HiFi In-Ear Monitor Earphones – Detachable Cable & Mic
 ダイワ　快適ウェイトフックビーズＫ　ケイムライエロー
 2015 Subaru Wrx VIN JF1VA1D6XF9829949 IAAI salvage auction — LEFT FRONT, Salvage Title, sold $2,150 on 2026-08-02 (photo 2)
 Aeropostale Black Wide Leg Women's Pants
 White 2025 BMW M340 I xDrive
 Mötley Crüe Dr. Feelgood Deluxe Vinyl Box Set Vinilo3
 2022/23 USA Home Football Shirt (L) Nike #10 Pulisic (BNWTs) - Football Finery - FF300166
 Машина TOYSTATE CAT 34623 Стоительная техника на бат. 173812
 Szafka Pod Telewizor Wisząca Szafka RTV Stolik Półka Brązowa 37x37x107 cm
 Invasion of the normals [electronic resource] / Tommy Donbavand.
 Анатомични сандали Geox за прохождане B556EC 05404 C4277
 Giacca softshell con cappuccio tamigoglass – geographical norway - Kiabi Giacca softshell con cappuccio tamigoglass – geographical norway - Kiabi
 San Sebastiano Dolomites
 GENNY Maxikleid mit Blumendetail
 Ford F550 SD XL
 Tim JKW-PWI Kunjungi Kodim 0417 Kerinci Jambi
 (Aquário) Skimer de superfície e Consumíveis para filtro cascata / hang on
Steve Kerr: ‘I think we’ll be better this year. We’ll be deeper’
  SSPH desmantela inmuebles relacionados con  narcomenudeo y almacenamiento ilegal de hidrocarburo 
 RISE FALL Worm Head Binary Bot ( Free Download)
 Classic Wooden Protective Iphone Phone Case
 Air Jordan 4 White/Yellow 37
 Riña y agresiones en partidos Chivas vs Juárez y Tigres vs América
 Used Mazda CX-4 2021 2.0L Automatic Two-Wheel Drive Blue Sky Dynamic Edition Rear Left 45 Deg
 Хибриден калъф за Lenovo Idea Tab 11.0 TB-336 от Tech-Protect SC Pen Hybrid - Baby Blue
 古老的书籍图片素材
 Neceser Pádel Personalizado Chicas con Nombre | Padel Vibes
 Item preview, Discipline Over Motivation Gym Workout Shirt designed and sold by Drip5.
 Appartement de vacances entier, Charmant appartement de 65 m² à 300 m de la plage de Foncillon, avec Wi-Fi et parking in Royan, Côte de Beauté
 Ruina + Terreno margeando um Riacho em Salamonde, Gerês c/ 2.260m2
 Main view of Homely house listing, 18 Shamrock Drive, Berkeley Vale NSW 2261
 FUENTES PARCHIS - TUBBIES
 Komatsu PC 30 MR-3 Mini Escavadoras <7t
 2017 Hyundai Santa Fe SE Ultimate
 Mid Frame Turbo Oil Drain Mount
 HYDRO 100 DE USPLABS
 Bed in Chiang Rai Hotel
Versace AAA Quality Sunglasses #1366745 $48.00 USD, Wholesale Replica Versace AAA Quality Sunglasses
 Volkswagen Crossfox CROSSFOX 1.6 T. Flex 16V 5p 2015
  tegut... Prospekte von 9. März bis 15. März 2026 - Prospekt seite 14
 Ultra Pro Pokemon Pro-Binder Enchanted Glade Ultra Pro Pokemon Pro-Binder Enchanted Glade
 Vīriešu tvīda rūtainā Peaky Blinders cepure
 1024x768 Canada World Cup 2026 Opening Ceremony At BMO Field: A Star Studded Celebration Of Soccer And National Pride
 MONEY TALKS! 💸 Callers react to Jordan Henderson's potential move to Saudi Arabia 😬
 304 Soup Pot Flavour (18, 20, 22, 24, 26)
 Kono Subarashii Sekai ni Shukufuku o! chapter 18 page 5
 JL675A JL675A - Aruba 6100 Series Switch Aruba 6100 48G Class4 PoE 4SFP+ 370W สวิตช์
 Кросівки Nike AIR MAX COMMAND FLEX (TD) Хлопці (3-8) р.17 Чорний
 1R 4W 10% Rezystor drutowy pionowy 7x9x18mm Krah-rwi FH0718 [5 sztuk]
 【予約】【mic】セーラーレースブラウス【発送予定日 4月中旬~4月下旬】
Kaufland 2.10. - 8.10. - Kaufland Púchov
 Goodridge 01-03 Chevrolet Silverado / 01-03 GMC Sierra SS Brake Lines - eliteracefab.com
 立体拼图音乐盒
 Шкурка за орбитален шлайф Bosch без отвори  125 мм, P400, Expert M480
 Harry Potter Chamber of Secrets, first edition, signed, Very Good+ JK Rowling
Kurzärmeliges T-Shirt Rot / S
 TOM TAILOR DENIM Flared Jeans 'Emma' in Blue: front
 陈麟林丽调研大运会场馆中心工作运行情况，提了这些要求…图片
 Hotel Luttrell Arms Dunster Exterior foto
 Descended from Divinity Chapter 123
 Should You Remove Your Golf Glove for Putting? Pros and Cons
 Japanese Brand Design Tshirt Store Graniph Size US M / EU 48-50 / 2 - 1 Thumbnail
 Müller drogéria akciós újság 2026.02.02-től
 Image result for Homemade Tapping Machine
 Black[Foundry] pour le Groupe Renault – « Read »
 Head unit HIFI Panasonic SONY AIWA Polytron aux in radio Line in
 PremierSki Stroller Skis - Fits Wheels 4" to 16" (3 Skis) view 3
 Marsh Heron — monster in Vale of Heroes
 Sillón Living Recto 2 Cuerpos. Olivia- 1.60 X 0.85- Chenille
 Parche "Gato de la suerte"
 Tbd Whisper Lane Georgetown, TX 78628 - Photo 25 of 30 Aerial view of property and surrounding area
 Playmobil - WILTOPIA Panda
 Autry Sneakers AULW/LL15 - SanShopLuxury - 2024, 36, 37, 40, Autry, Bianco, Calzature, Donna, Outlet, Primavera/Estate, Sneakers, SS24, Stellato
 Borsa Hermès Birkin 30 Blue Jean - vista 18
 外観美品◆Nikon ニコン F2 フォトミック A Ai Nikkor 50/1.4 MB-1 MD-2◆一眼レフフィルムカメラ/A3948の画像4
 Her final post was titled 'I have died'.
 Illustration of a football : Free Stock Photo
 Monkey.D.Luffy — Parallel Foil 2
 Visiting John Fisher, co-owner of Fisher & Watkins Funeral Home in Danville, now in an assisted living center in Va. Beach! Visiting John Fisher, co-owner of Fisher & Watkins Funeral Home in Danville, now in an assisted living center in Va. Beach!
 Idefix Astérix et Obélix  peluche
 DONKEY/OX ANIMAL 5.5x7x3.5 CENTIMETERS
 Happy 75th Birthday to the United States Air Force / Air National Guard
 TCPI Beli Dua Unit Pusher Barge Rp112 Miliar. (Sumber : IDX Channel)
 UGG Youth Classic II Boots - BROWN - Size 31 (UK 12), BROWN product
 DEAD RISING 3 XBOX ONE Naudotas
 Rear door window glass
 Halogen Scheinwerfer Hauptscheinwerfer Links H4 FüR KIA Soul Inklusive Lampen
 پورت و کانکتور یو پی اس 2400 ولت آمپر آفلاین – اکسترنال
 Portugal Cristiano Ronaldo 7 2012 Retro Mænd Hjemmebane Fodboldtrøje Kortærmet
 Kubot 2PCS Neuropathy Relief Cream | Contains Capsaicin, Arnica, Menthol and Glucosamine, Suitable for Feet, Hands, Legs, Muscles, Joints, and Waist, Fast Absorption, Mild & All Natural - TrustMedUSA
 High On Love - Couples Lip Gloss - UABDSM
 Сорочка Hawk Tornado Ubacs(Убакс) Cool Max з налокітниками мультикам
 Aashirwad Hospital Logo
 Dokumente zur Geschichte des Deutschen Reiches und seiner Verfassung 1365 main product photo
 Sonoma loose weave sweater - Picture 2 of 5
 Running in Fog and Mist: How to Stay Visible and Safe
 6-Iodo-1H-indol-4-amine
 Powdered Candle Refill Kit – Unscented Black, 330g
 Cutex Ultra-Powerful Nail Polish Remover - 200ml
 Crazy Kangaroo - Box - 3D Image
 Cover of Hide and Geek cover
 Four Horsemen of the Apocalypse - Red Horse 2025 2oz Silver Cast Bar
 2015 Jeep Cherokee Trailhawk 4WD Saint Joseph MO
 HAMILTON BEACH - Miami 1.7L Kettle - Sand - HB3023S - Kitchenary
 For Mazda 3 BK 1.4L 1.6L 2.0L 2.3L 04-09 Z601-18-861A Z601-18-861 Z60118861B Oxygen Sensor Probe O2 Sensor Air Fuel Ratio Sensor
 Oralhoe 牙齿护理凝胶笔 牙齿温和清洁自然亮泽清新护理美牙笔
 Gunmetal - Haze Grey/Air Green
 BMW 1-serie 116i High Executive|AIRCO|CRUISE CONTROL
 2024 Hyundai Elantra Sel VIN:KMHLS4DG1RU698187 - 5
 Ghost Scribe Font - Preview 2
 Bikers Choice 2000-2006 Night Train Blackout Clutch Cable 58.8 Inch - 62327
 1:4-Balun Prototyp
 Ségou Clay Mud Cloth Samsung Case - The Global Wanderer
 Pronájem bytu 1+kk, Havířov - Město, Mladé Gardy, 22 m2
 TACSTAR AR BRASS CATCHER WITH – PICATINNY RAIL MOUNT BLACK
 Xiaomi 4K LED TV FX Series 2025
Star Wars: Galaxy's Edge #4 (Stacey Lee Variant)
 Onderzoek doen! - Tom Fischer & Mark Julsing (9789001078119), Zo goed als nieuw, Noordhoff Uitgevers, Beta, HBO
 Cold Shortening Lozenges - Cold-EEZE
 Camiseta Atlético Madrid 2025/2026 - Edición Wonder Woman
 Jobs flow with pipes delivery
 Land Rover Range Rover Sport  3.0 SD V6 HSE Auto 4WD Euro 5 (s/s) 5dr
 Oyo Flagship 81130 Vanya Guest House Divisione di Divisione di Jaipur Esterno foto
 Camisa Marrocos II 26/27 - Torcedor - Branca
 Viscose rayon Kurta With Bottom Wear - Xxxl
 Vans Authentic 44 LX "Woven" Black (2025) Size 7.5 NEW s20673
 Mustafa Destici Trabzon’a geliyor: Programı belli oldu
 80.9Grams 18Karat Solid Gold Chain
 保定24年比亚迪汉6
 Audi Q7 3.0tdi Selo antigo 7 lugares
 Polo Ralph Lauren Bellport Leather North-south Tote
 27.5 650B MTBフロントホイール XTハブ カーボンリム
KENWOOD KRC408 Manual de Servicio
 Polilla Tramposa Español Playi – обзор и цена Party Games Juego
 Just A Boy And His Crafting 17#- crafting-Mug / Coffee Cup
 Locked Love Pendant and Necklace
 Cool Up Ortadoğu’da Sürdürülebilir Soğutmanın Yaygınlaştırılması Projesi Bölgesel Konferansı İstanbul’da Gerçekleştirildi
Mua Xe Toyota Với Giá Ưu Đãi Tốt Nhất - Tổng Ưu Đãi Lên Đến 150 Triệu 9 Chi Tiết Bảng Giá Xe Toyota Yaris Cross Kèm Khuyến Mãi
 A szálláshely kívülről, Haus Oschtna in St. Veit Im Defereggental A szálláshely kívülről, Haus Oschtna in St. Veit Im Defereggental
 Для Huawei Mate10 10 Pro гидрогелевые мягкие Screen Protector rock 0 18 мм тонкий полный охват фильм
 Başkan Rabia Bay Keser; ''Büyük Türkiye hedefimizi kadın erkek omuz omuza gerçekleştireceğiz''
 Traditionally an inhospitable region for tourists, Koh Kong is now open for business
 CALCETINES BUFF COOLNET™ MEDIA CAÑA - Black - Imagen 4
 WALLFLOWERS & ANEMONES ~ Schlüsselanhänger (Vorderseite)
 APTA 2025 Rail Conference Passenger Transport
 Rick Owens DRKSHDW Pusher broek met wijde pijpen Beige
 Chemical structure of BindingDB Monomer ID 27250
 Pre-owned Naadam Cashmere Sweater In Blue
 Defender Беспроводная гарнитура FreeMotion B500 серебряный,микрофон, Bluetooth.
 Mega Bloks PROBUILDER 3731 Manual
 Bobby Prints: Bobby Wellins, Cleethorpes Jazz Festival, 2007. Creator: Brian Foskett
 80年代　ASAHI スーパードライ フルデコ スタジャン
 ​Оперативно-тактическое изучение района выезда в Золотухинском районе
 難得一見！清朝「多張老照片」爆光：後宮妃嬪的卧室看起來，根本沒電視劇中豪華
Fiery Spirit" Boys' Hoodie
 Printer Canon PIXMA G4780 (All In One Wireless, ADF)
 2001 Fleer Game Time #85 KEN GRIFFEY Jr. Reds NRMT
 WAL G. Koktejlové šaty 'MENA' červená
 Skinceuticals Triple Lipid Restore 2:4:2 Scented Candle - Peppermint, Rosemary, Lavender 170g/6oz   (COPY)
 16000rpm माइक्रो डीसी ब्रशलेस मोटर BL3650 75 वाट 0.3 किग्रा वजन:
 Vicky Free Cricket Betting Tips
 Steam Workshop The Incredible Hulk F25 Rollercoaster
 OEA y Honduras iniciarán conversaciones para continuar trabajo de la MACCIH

---

**Work item:** Please copy the lines above from the line with "Oyo Flagship 81130" up to and including the line with "в Золотухинском районе", exactly as written and with nothing else.

**Result below:**
 Oyo Flagship 81130 Vanya Guest House Divisione di Divisione di Jaipur Esterno foto
 Camisa Marrocos II 26/27 - Torcedor - Branca
 Viscose rayon Kurta With Bottom Wear - Xxxl
 Vans Authentic 44 LX "Woven" Black (2025) Size 7.5 NEW s20673
 Mustafa Destici Trabzon’a geliyor: Programı belli oldu
 80.9Grams 18Karat Solid Gold Chain
 保定24年比亚迪汉6
 Audi Q7 3.0tdi Selo antigo 7 lugares
 Polo Ralph Lauren Bellport Leather North-south Tote
 27.5 650B MTBフロントホイール XTハブ カーボンリム
KENWOOD KRC408 Manual de Servicio
 Polilla Tramposa Español Playi – обзор и цена Party Games Juego
 Just A Boy And His Crafting 17#- crafting-Mug / Coffee Cup
 Locked Love Pendant and Necklace
 Cool Up Ortadoğu’da Sürdürülebilir Soğutmanın Yaygınlaştırılması Projesi Bölgesel Konferansı İstanbul’da Gerçekleştirildi
Mua Xe Toyota Với Giá Ưu Đãi Tốt Nhất - Tổng Ưu Đãi Lên Đến 150 Triệu 9 Chi Tiết Bảng Giá Xe Toyota Yaris Cross Kèm Khuyến Mãi
 A szálláshely kívülről, Haus Oschtna in St. Veit Im Defereggental A szálláshely kívülről, Haus Oschtna in St. Veit Im Defereggental
 Для Huawei Mate10 10 Pro гидрогелевые мягкие Screen Protector rock 0 18 мм тонкий полный охват фильм
 Başkan Rabia Bay Keser; ''Büyük Türkiye hedefimizi kadın erkek omuz omuza gerçekleştireceğiz''
 Traditionally an inhospitable region for tourists, Koh Kong is now open for business
 CALCETINES BUFF COOLNET™ MEDIA CAÑA - Black - Imagen 4
 WALLFLOWERS & ANEMONES ~ Schlüsselanhänger (Vorderseite)
 APTA 2025 Rail Conference Passenger Transport
 Rick Owens DRKSHDW Pusher broek met wijde pijpen Beige
 Chemical structure of BindingDB Monomer ID 27250
 Pre-owned Naadam Cashmere Sweater In Blue
 Defender Беспроводная гарнитура FreeMotion B500 серебряный,микрофон, Bluetooth.
 Mega Bloks PROBUILDER 3731 Manual
 Bobby Prints: Bobby Wellins, Cleethorpes Jazz Festival, 2007. Creator: Brian Foskett
 80年代　ASAHI スーパードライ フルデコ スタジャン
 ​Оперативно-тактическое изучение района выезда в Золотухинском районе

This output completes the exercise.